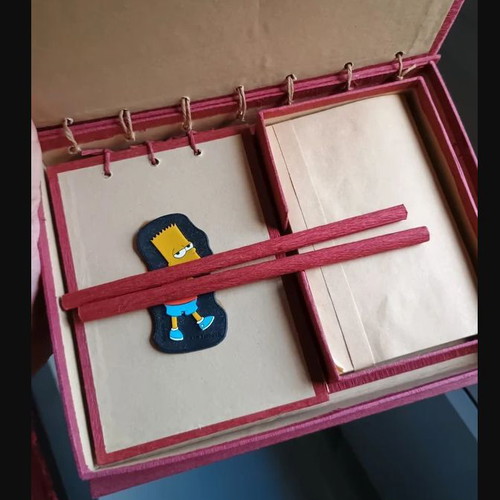 The Simpsons collectible box with stationery set, new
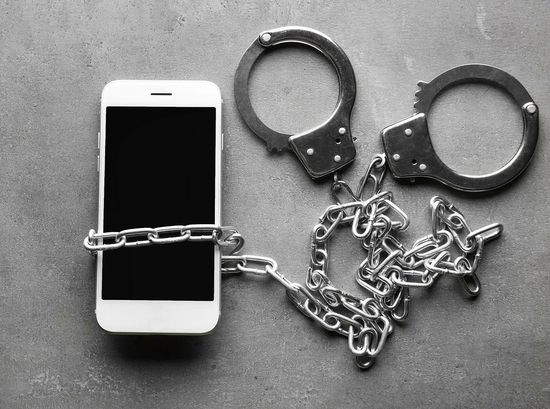 Сотрудниками уголовного розыска раскрыта кража сотового телефона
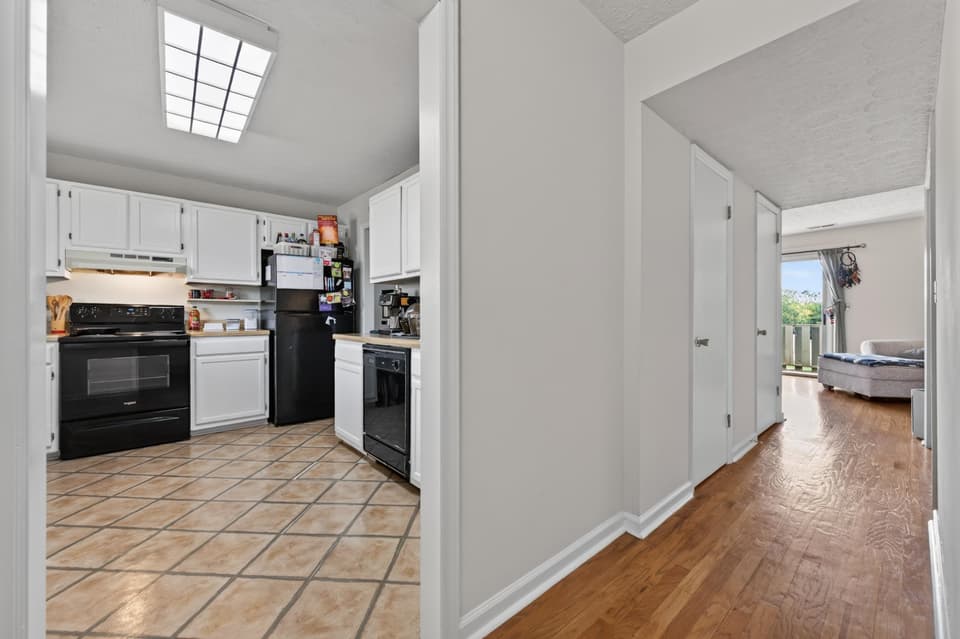630 Cambria Street NW, photo 4 of 28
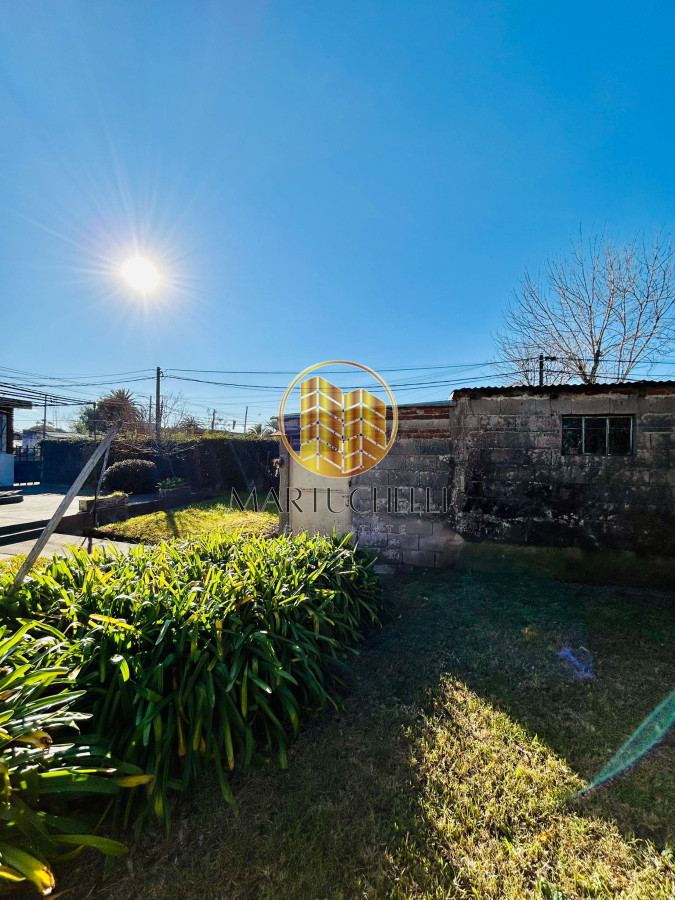 Casa ID.112 - Amplia propiedad esquinera en venta, en San Carlos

__Exercise aim__
The output should be the lines from the one with "Сотрудниками уголовного розыска" through the end of the material above, both ends included, printed exactly and nothing else. Drop the pictures.

__Solved problem__
 Сотрудниками уголовного розыска раскрыта кража сотового телефона
630 Cambria Street NW, photo 4 of 28
 Casa ID.112 - Amplia propiedad esquinera en venta, en San Carlos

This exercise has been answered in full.